According to these authors, where illness is attributed to spirit attack or possession, rituals involving dancing, incantations and prayer, induction of trances and exorcism are performed. In some cases, the spirits of the dead (ancestors) are called upon for protection or discipline. The ancestors are believed to work together with Unkulunkulu (God) and the healing is made possible through spiritual agents (Shizha & Charema, 2011). Ross and Deverell (2010) state that traditional healing has been shown to have several benefits including psychological relief from ailments and reduced anxiety through a shared, unquestionable belief in the powers of the healer. They emphasise that healing may be promoted by the personal meaning the patient derives from treatment, as well as the connection between the person seeking healing and the healer.

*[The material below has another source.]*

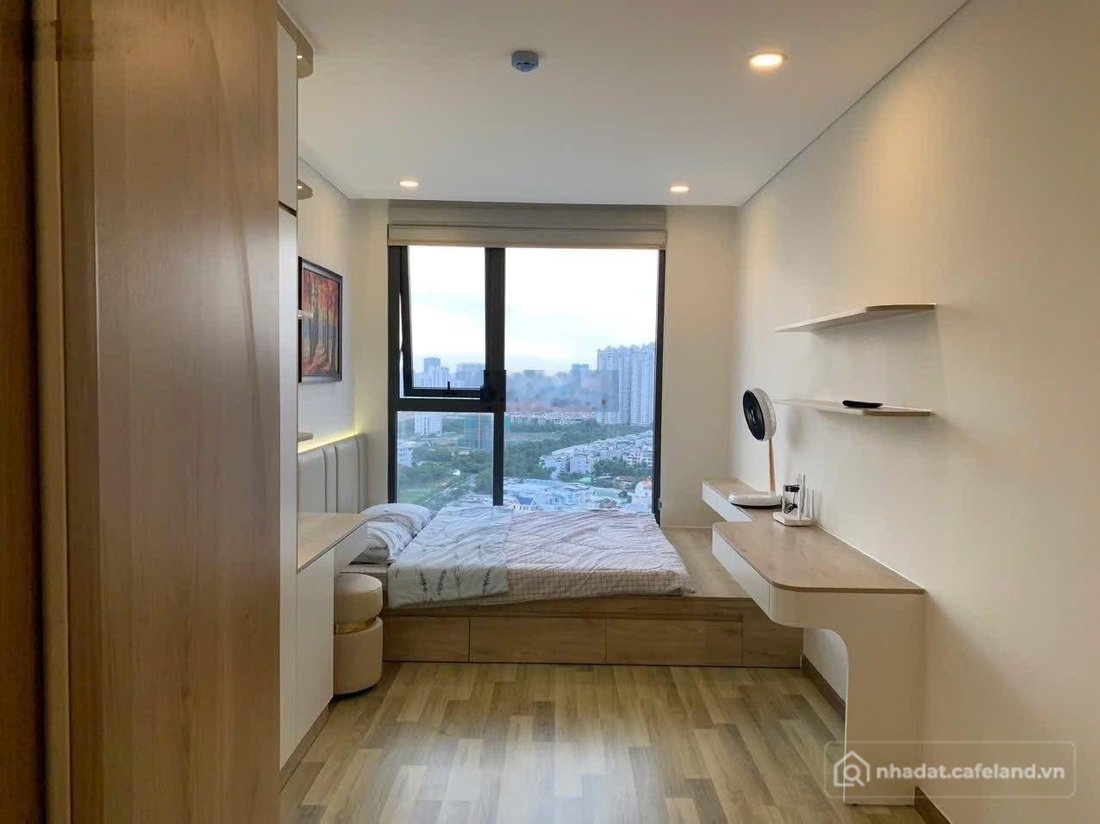 Bán căn hộ chung cư: CHCC Rivera Park - đối diện Đại Học Hoa Sen (88m2 - 2PN 2WC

Consistent with the holistic conception of the person and illness, indigenous healing practices are directed at the whole person (Seape & Drennan, 2007) and embrace both the physical as well as the psychosocial aspects of disease (Pretorius, 2001). Illnesses perceived to be of supernatural origin are managed together with their physical manifestations so that the patient feels as if they have been treated holistically (Puckree, Mkhize, Mgobhozi & Lin, 2002). Abbo (2011) adds that the emphasis is on the need to look at the whole person, which includes an analysis of their physical, environmental, emotional, social and spiritual lifestyle values. According to this author health, from this holistic point of view, cannot be achieved without achieving a balance in life with others and with the environment.
A traditional healer never considers the patient as an isolated individual but as an integral component of a family and a community, and members of the patient’s family must therefore also participate in the treatment process (Kale, 1995). As a result, a consultation with a traditional healer is never conducted with the patient alone (Berg, 2003a). Instead, family members, relatives or people who know the patient well are called in to provide information regarding the patient’s illness. Rituals are always performed with members of the affected individual’s family and people from the community who are actively involved in the life of the person for whom the ritual is being performed (Berg, 2003a). Pretorius (2001) states that satisfactory healing involves not merely the recovery from bodily symptoms, but also the social and psychological reintegration of patients into their communities. To affirm this view, Berg (2003a) states that through rituals
connectedness is re-established, and links are concretely and actively made between the individual, the family and the community, between the body and mind, and between the conscious and unconscious dimensions of the psyche.
The African healing system sometimes requires the afflicted person to live at the healer’s home for months or even years (Pretorius, 1995). Although this could be equated to an inpatient hospital admission in Western healing, it raises serious ethical concerns regarding patient safety and healer-patient professional relational issues. For example, Ensink and Robertson (1999) report that allegations of sexual and physical abuse of patients by some indigenous healers were made by families interviewed during an exploratory study undertaken in Cape Town during 1993. In spite of traditional healers reportedly subscribing to a code of ethics, unfortunately there are no mechanisms to enforce this code (Pretorius, 2001) and this leaves open an opportunity for abuse, either intentional or unintentional.